Blaisch: Yes, and he wanted a show of support from 100 singers in the studio. We also sang "America the Beautiful," which was one of the songs on the album. A beautiful arrangement of it. There is a video that exists of all of us singing "America" as well as all the other dozen sort of anti-war songs and anti-Bush songs.

So, yeah, I love to do a singing session. Now that I've raised my kids I want very much to go back into it full-time, as much as I can.

Songfacts: Did you make the bulk of your earnings doing session work?

Blaisch: No. The bulk of the money came from "Could've Been." I only made the songwriting royalties on that song but when you have half of something that big, it's a lot of money.

If you're a person that wants to make a living in the world of music, you have to be able to look at all the different things that you can do. I have three Grammy nominations, including one in jazz for Earnestine Anderson, which was an album produced by Quincy Jones - a song I co-wrote with Robert Martin. I did weddings, I did Bar mitzvahs, I did colleges, I produced festivals where I hired all the bands, I produced recordings where people hired me, I'm a recording engineer. You have to do a lot of stuff. I'm a guitar player, I'm a piano player, I'm a bass player. So it wasn't only one thing.

Songfacts: What is your favorite part of the job?

Blaisch: I love having a voice that can connect with the world on a massive scale. When I was at the Universal Amphitheater and everybody was giving Tiffany a standing ovation and they were holding up their lighters – it was a while ago, now it would be their cell phones – I thought, People worldwide have been touched by this song. They've felt something. They've felt maybe better that somebody else has gone through that. So, to be able to communicate with the world is pretty awesome and I really, really hope I get to do it again because it's pretty special to be able to connect even once with the whole world.

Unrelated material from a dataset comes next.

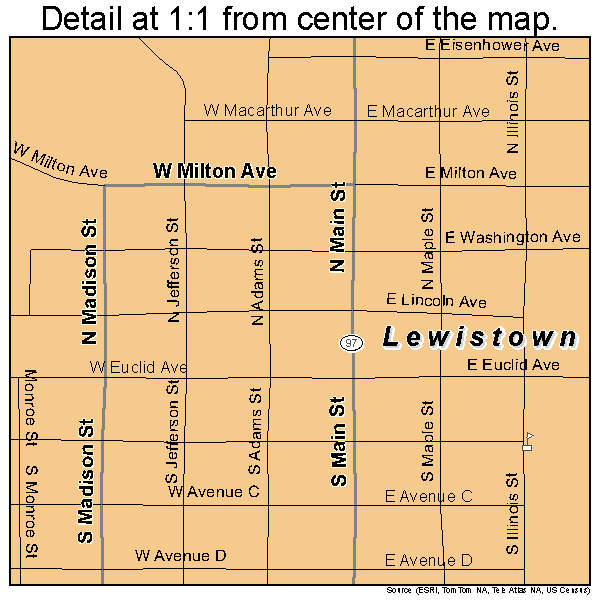 Lewistown, Illinois road map detail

Songfacts: Wow, that's tremendous. That must have been quite a moment, when you're at the show and she's singing your song.

Blaisch: Well, that was pretty great but it was even greater when I was at Needham and my song was #1 worldwide, not just in the US but it was in Britain, and in Canada. It was on all the charts worldwide, and the people from BMI said, "Why don't you call your parents and tell them that you have written the #1 song in the world?" And it stayed there for two weeks, #1 pop, #1 adult contemporary. So that was pretty fantastic, even though I wished I had sang it.

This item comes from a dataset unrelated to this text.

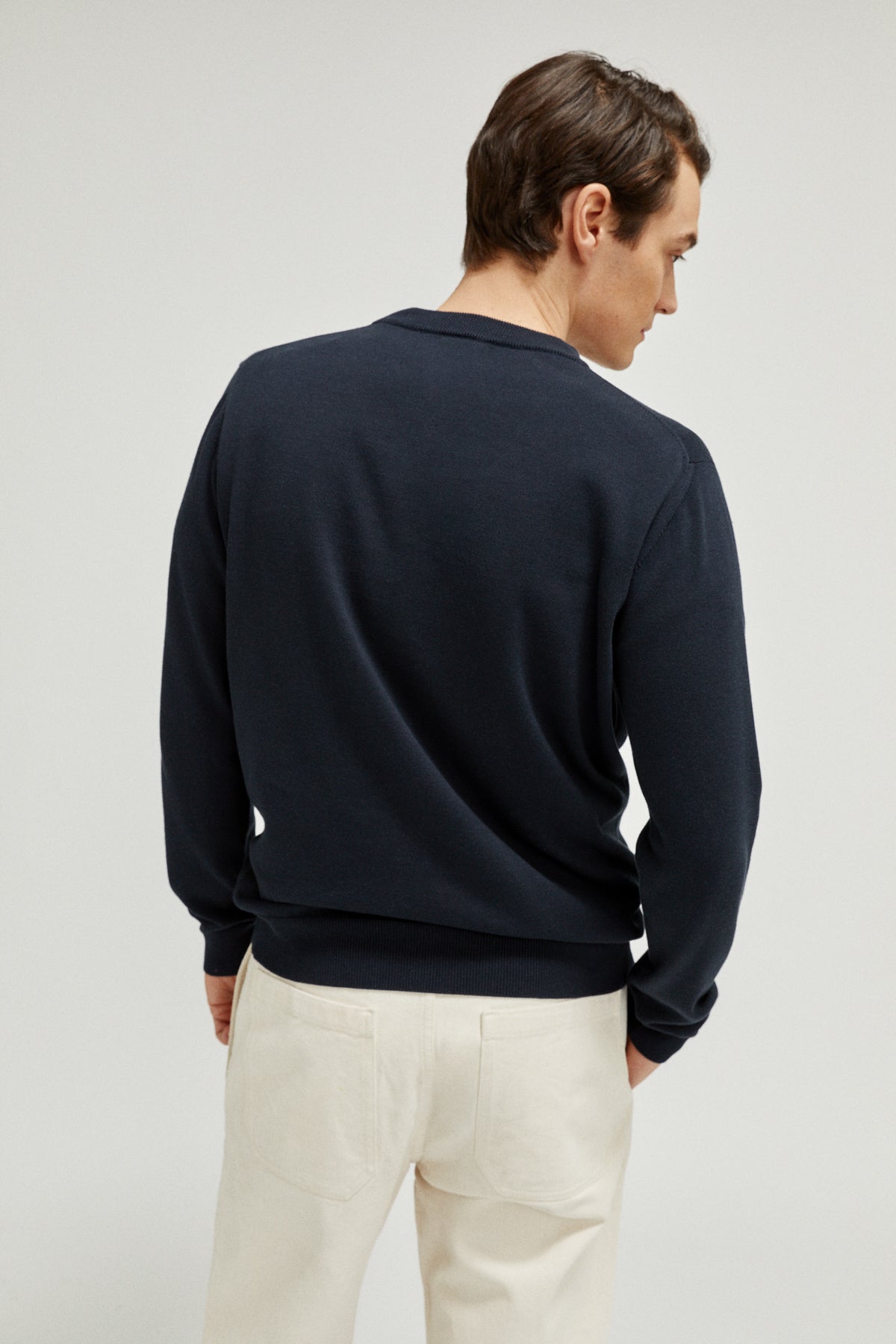 the organic cotton lightweight sweater blue navy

Songfacts: The first Tiffany hit was a song from the '60s that was really catchy and just repackaged in a really good way. It also had a video. "Could've Been" was an original song, so nobody had heard it before, and I don't remember that ever being on MTV. I don't think they made a video for it.

Blaisch: Yeah, they didn't make a video and there was a reason why: because she was 14 years old and people felt that she was too young, especially if they looked at her, to really convince them that she had been through that. And she had not been through that - she was 14 years old. She hadn't yet had a heartbreak that severe. So she never did make a video on that song.

Songfacts: Oh, interesting.

Blaisch: Here's an interesting thing about me. I have only had maybe six to ten of my songs ever cut, but of those songs they've all gone huge, they've all been platinum, they've all been hits, and so I think I probably haven't said yes enough to these deals because I do get offers. When I do say yes, these songs fly far, really far. So, perhaps I've been too cautious and I haven't submitted my stuff enough and taken enough of the offers that I've gotten in my life. So, anybody out there who needs some material, I've got some great stuff.

I also want to say one thing more and that is I have a beautiful 18-year-old daughter who's an amazing singer and songwriter, keyboard player, guitarist and graphic artist who is now co-writing with me, and I predict that she is going to be an amazing artist someday. She's like me but better.